Machine Learning and Self-driving Cars

This is one of the more popular AI projects being developed in recent times. Different companies like Google, Apple, and Tesla have been trying their hands on making self-driving cars. However, despite recent breakthrough, self-driving cars have been experimented with (even successfully) as far back as 20 years ago. In 1995, Mercedes-Benz managed to drive a modified S-Class mostly autonomously all the way from Munich to Copenhagen. According to AutoEvolution, the 1043 mile journey was made by stuffing effectively a supercomputer into the boot – the car contained 60 transputer chips, which at the time were state of the art when it came to parallel computing, meaning that it could process a lot of driving data quickly – a crucial part of making self-driving cars sufficiently responsive. Apparently, the car reached speeds of up to 115 mph, and was actually fairly similar to autonomous cars of today, as it was able to overtake and read road signs. As Tesla announced in 2016:


“All Tesla Cars Being Produced Now Have Full Self-Driving Hardware. … We are excited to announce that, as of today, all Tesla vehicles produced in our factory – including Model 3 – will have the hardware needed for full self-driving capability at a safety level substantially greater than that of a human driver.”

Machine Learning in Sales

AI will accelerate the extinction of simple order-taking sales in the sales and customer service industry. It will enhance consultative sellers’ ability to win more customers by effectively articulating business value and being able to access a plethora of data at lightning speed in order to meet a customer’s request.  Also, AI can complement sales reps as opposed to replacing them. AI-powered sales learning tools will suggest actions, micro-training, and just-in-time content for reps—based on an assessment of the customer’s needs, the rep’s skills and experience, and the competitive dynamic during sales, like the way Netflix recommends movies.
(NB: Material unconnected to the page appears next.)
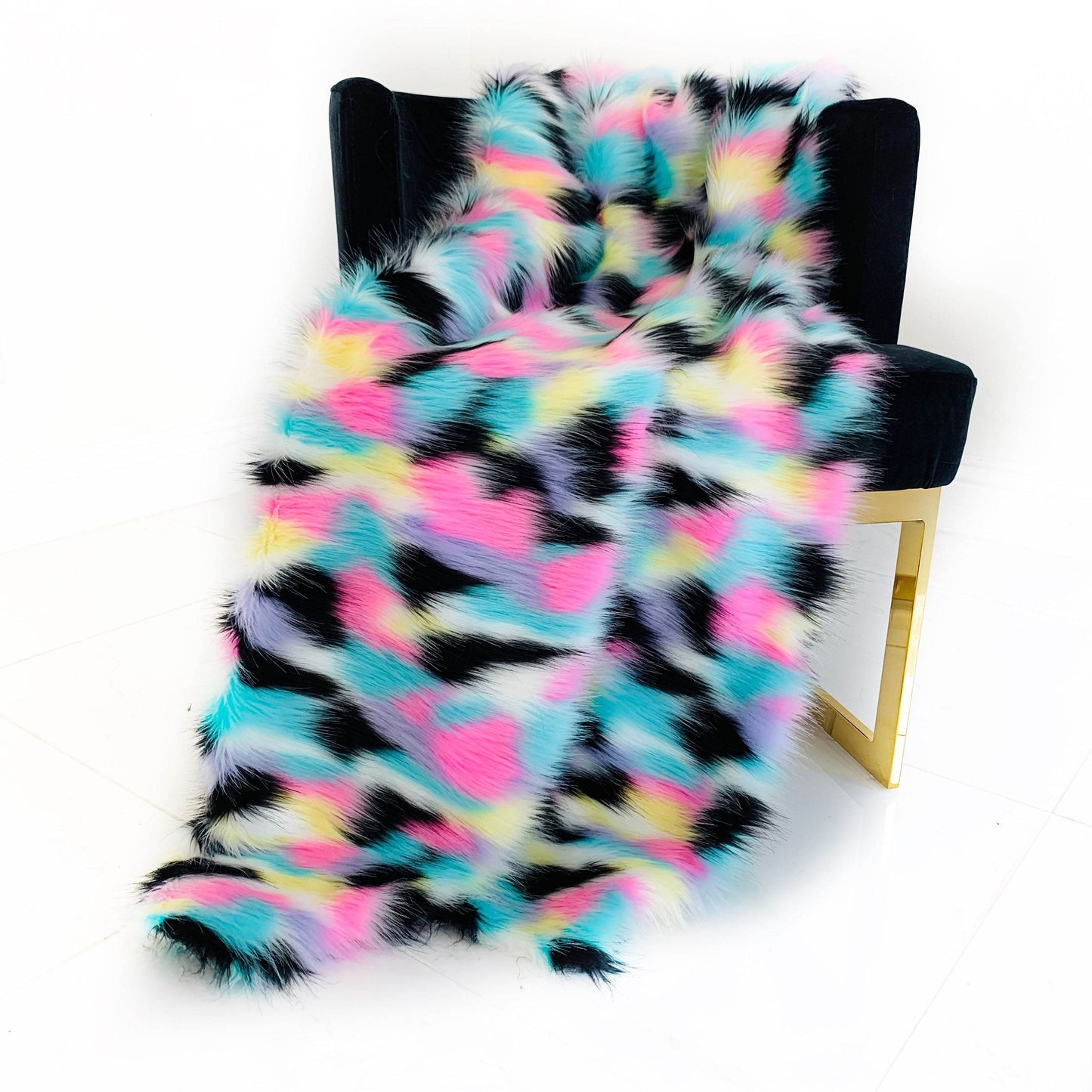 Plutus Pink Blue Black Yellow Exotic Faux Fur Luxury Throw Blanket - Home & Garden - Home Textile - Bedding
Machine Learning in Entrepreneurship

As new businesses continue to spring up and existing businesses continue to grow, they are also making a move towards intelligent enterprises. As companies start to grow out of proof of concepts they will seek to apply AI to their business and business model at an increasing rate. Thanks to mature machine learning algorithms, disruptive business models will emerge. They will force whole industries to realize that digital transformation is not just trending, but essential to remain competitive. Meanwhile, deep learning is established as the standard machine learning commodity, but will now strive for more efficiency and scalability within the systems. Finally, we can await further breakthroughs in reinforcement learning and will see academia further adjust to industrial research to ensure their competitiveness.

Machine Learning and Data

As advancements continue to be made, one thing that’s constant is that for any AI or Machine Learning system to function properly, it needs data. As more data is available, it means there will be more information to be processed and used to the advantage of the users of the system. As more data is available, we have better information to provide patients. Predictive algorithms and machine learning can give us a better predictive model of mortality that doctors can use to educate patients. As it grows, there will be a possibility that smaller companies or entities will merge their existing data pools with larger systems to have one bigger and more comprehensive system. At some point, we may see regional data hubs with datasets customized for geographical, environmental, and socioeconomic factors, that give healthcare systems of all sizes access to more data. For the healthcare industry, as larger datasets begin to run machine learning, care can be improved in more specific ways.